These urgent issues, and that of "Rechtsfrieden," had been considered in the debate surrounding the Paris Peace Conference, which began on January 18, 1919. World War I had ended in 1918 with the unexpected and disastrous defeat of Germany, which had transformed it from an empire into an uncertain republic under the tentative leadership of the Majority Socialist party. This new government found itself in the awkward position of having to negotiate the peace terms of a war for which it had been only indirectly responsible.11 On June 28 at the conclusion of the Paris Peace Conference, under considerable duress, the Germans signed the treaty at Versailles, the very place where Wilhelm I had arranged his coronation as emperor of Germany in 1871 in the wake of the Franco-Prussian War.

In 1920, the year of Das Bäumerbild and in response to the Versailles Treaty, Schwitters produced a collage, Merzzeichnung 170, which indicts the Majority Socialists of Berlin by cleverly insinuating that "Versaille[s]" belongs to them. The newspaper clipping of May 13, 1919, reports a mass gathering on the "Königsplatz" in support of the already lost "Rechtsfrieden."12 The work's title, Leere im Raum ("Void in Space"), expresses the total despair of the situation. The Majority Socialists and the political right most vociferously invoked the concept of "Rechtsfrieden" against Article 231, the "Kriegsschuldthese" ("war-guilt clause"), which placed the responsibility for the war solely on Germany. This clause was perceived as a violation of the Wilsonian armistice agreement, which would have allowed Germany to pay reparations without a guilt clause.

In Das Bäumerbild Schwitters addresses the Versailles issue with less pathos and more irony. Visually, he symbolizes the Paris Peace Negotiations, which produced the unacceptable document, by the centrally placed conference table. Directly beneath the table the phrase "[uner]träglichen Frieden" creates a visual-verbal pun on an insupportable peace, induced by the (super)imposed "articles."

In the context of the Paris Peace Negotiations, however, the concept of a conference table at which opposing parties sit down to negotiate their differences was highly ironic, since the Allies, especially the "big four," France, England, the United States, and Italy (referred to as "Allierten" and "vierm[ächte]" in the newspaper fragment on the bottom right and perhaps symbolized by the black square), indeed sat around the conference table to discuss their ever-increasing demands ("Die Forderung immer mehr") for reparations ("Die Wiedergut[machungen]"), but they never invited the German delegation to join them. Instead, the "negotiations" consisted of a series of notes or memoranda (mentioned in the newspaper fragment on the right). The cover-notes of the final written exchange achieved notoriety under the term "Mantelnoten." The German "mantle note" of May 28 was a reply to the May 7th draft of the Allied treaty that had caused the original uproar. On June 16th the Allies replied with a "mantle note" of their own, which severely reprimanded the Germans for questioning Article 231 and other matters.13 In keeping with Schwitters' visual-verbal manipulations, the "skirt" or "mantle" of the female figure doubles as a "mantle note," because it is composed of a series of newspaper notices or notes that refer to the negotiations.

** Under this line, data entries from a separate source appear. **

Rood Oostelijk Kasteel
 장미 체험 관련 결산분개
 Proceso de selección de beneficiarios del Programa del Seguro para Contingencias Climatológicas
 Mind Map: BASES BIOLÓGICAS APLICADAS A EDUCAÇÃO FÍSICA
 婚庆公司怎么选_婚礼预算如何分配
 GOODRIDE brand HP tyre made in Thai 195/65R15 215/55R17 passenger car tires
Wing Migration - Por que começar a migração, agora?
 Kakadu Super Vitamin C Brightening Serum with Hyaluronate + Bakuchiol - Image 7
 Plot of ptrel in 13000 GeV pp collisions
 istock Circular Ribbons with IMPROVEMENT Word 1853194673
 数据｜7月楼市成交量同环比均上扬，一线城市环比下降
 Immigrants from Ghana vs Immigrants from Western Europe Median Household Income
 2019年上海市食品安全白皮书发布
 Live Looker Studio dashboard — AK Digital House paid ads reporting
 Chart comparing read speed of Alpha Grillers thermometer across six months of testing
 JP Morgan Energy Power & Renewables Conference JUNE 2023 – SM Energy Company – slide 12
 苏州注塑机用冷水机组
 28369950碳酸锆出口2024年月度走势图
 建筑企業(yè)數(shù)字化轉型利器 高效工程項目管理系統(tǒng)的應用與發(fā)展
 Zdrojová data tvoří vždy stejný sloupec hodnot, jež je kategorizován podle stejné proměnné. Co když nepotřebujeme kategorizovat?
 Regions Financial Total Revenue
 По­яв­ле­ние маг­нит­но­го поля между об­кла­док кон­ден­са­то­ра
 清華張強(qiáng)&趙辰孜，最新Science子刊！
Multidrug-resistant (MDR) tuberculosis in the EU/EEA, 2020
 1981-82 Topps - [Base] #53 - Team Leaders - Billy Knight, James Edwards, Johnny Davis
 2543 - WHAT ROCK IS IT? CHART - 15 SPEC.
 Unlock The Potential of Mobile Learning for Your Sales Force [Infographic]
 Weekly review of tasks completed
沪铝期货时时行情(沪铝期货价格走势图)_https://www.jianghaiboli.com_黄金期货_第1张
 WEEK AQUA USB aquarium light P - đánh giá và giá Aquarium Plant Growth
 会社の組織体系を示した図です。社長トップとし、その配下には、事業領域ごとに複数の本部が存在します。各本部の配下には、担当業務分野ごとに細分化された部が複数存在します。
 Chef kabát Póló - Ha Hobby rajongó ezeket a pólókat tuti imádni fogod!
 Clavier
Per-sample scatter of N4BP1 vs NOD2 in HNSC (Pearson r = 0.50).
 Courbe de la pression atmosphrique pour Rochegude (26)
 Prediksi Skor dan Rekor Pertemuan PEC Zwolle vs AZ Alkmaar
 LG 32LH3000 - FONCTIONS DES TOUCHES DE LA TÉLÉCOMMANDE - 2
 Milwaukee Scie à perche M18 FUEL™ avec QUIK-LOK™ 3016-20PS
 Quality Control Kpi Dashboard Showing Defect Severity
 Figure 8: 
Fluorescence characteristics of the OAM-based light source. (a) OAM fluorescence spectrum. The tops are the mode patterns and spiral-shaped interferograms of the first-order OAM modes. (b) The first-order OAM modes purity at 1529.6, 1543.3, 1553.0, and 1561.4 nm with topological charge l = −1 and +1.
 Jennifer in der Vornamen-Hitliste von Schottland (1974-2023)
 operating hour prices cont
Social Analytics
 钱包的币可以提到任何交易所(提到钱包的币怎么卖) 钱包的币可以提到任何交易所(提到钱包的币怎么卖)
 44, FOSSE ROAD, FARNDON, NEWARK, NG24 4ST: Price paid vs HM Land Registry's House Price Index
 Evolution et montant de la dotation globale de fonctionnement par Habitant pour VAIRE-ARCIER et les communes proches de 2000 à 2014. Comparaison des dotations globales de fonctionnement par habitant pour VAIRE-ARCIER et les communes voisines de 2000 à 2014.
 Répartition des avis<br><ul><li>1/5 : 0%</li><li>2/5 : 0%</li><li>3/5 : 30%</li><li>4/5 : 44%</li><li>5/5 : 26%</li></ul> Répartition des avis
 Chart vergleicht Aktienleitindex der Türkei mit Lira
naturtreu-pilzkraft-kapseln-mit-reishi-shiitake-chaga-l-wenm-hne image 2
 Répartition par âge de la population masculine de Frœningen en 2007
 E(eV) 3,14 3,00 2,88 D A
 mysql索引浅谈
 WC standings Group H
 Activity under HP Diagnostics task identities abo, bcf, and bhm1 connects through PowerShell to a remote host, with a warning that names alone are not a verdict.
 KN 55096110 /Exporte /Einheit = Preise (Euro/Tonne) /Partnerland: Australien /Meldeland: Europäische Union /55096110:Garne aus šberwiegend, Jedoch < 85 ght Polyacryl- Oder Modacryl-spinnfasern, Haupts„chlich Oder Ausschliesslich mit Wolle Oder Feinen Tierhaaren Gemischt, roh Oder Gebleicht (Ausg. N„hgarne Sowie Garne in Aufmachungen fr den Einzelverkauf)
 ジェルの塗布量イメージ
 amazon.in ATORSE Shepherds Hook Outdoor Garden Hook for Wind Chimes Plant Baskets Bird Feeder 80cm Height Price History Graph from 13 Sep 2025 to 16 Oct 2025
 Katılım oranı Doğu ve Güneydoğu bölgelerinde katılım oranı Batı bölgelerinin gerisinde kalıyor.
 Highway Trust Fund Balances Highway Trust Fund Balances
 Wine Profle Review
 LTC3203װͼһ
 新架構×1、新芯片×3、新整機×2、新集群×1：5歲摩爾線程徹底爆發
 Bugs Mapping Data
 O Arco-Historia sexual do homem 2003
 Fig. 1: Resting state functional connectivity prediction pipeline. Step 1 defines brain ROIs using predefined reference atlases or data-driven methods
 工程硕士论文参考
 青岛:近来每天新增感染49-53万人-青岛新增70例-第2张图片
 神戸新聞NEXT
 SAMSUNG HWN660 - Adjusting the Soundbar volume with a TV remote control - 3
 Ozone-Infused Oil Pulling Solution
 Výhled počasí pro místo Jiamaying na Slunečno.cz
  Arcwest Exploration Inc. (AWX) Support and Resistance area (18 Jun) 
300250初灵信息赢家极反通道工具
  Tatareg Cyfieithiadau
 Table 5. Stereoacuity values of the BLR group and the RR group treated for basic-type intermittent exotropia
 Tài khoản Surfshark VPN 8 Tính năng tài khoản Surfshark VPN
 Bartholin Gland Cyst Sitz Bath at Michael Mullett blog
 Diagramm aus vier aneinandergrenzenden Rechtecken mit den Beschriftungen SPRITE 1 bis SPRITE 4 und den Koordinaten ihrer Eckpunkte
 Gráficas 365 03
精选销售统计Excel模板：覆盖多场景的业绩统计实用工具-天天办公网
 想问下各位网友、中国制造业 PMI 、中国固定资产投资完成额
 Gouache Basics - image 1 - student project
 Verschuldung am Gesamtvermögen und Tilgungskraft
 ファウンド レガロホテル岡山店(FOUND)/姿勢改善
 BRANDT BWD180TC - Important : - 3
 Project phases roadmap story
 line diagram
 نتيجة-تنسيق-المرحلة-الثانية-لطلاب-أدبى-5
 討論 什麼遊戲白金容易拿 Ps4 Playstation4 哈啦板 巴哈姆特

Schwitters also casts doubt more directly on the validity of the conference table by giving it a prominent green leg. This is a pointed reference to the German saying "etwas vom grünen Tisch aus entscheiden" ("to rule something from a green table"), which is a figurative way of alluding to decision-making based on theoretical considerations rather than on the reality of a situation.

Even the meaning of the female figure is perverted. As a veritable personification of peace, she holds and smells a flower, and is surrounded by the fresh green of hope and associated with the word "Frieden." But upon closer examination, Schwitters may be seen to have manipulated a word directly above her flower, which reads as "rüchig" followed by the word "Frankreich." This pungent commentary refers to the peace, negotiated with and in France, land of perfumes, as "stinking."

As noted earlier, a warning against allowing insurrections ("Putsche") to interfere with obtaining genuine peace is the other message of the broadsheet. Even as the Allies negotiated in Paris, many German cities were in a state of civil war. The Social Democrats supported the concept of parliamentary democracy and called for elections for a national assembly on January 19, 1919. For taking this proparliamentary position the party was regarded as having betrayed the ideals of the November Revolution by the protocommunist Spartacists and the Independent Socialists, who sought to radicalize the worker and soldier councils that had formed spontaneously during November, 1918, and to establish soviet republics ("Räterepubliken").14 They were successful in creating temporary but true soviet republics in Bremen and Munich, but most attempts remained on the level of putsches. All leftist revolutionary activity was quickly put down by the government's defense minister, Noske, with the help of the infamous "Freikorps" ("free corps"). These threats of "Bolshevism" did not go unnoticed by the Allies, who were further alarmed by the developments in central Europe. Although the German government attempted to use the Allies' fear of communism to obtain a more favorable treaty, it also felt obligated to put down any insurrection from the left.15

The warning expressed in the broadside includes all these developments. To complement the female personification of "Frieden" in Das Bäumerbild, Schwitters gave visual expression to the violent overthrow of the government by a male personification of "Putsch." Instead of a flower, his attribute is a bomb, frequently a sign of anarchy. The bomb's smoky effluvium is directed toward the state, represented by the tax stamp in the upper left corner and by the postage stamp selvage just below it.16 The black and red colors associated with the figure bespeak death and violence.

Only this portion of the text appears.